O olhar cansado geralmente nos guia para uma visão simplista das coisas. O mais correto talvez fosse fazer como os protagonistas de Cinquenta Tons Mais Escuros: despir-se não apenas de suas roupas íntimas no meio de um restaurante, mas principalmente de suas certezas. Assim, sabe-se lá, pode surgir um “grande” filme sobre o amor. Se não no sentido de grande cinema, de bom exemplo de uma narrativa audiovisual – o que o longa certamente não é com sua absoluta falta de nuances, profundidade e de enxergar seus personagens sobre outras perspectivas – pelo menos, aparece uma obra que, embora se disfarce de filme erótico, é nada mais do que uma história tradicional sobre encontrar sua cara metade.
Por ser colocado em primeiro plano, o sexo chama tanto a atenção na trilogia imaginada por E.L. James que deixa camuflada a real fórmula da escritora. Enquanto se perde tempo numa discussão interminável e até meio óbvia sobre a ousadia ou a falta de libido das cenas de sexo, interpretação diretamente ligada a repertório e expectativa de quem está disposto a esse debate, a autora estabelece sua escrita como herdeira direta dos romances de bancas de revista dedicados ao público feminino. Cria uma suposta versão “século XXI” destes livros, cheia de citações a sadomasoquismo, para a clássica história da mocinha – pobre – que luta pelo amor verdadeiro de seu príncipe encantado – rico -, disposto a abrir mão o que lhe é mais importante para ter esse amor.
Casada, mãe de dois filhos adolescentes, James, uma ex-executiva de TV que somente escreveu seu primeiro romance às vésperas de completar 50 anos, é de uma inteligência impressionante. De um lado, declara que os livros materializam todos os seus desejos mais escondidos, dando uma textura real para as experiências sexuais da protagonista e deixando as pessoas fascinadas ou indignadas com chicotinhos e bolas de metal e bundinhas que aparecem “naturalmente” aqui e ali. Do outro, reprisa uma receita infalível, que conversa não apenas com o público feminino, embora ele seja o alvo principal, que é estimular o fetiche por uma alma gêmea, e não um fetiche necessariamente sexual.
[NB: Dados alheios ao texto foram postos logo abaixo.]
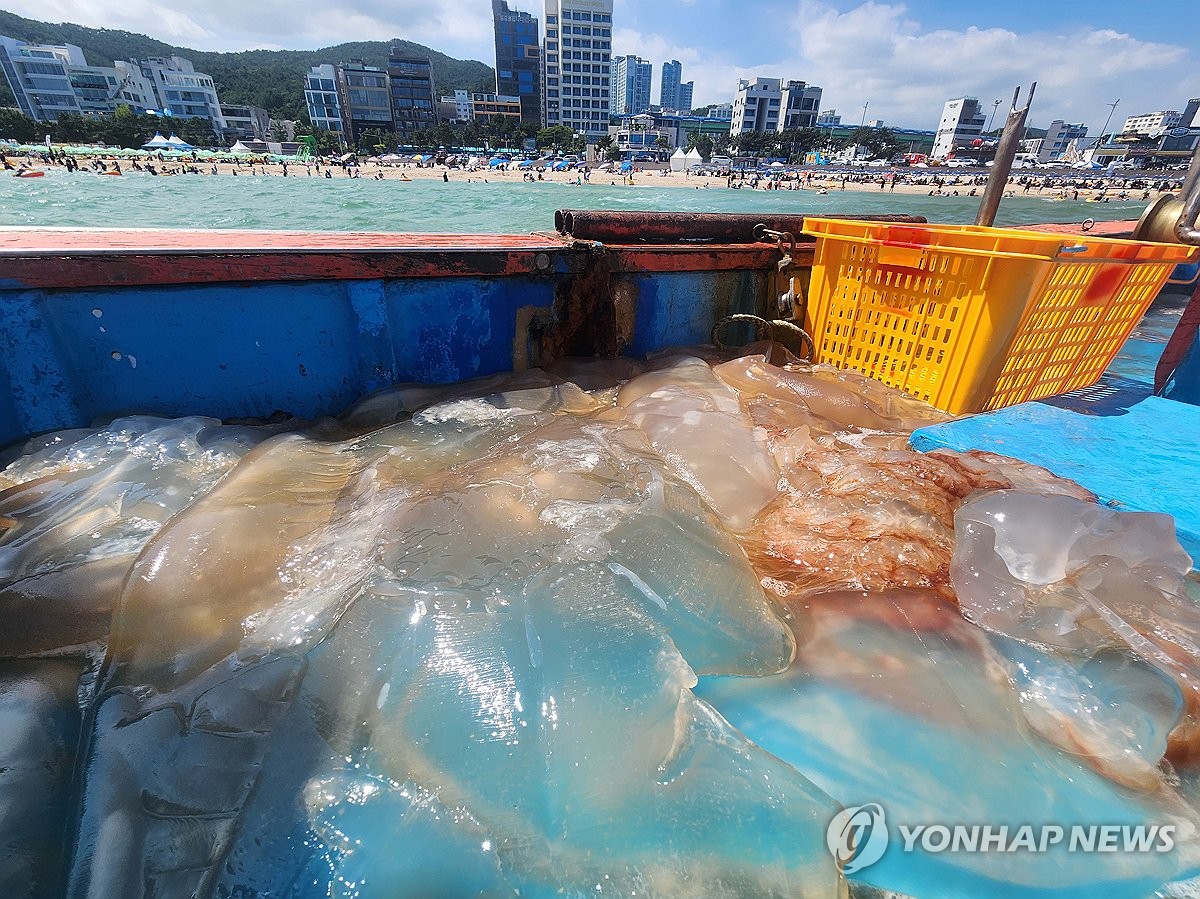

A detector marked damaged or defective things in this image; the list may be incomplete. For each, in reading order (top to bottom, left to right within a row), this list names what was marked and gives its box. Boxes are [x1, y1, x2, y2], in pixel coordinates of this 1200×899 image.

rusty metal pipe [552, 208, 928, 243]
A versão para o cinema do segundo capítulo da história de Anastasia Steele leva para a tela grande a mesma fórmula, os mesmos clichês, mas ganha um reforço ainda maior na hora de distrair o espectador de seus reais objetivos. O que era cafona somente na imaginação do leitor ganha forma em cenas, cenários e diálogos, em máscaras venezianas, excesso de trilha e vilões bem definidos, que regeneram o protagonista masculino para convertê-lo no ideal amoroso que o público espera. As interpretações frágeis e a falta de carisma dos atores principais não ajudam muito, mas o diretor James Foley acerta em mostrar os corpos da dupla de maneira generosa, tirando o foco de suas performances, e o fato de Dakota Johnson parecer uma “pessoa comum” ajuda muito no intuito da autora. Enquanto o espectador se distrair administrando suas fantasias ou investigando os defeitos da obra, a força da fórmula mais tradicional narrativa de nosso imaginário popular se reafirma em mais uma história sobre não estar sozinho no mundo.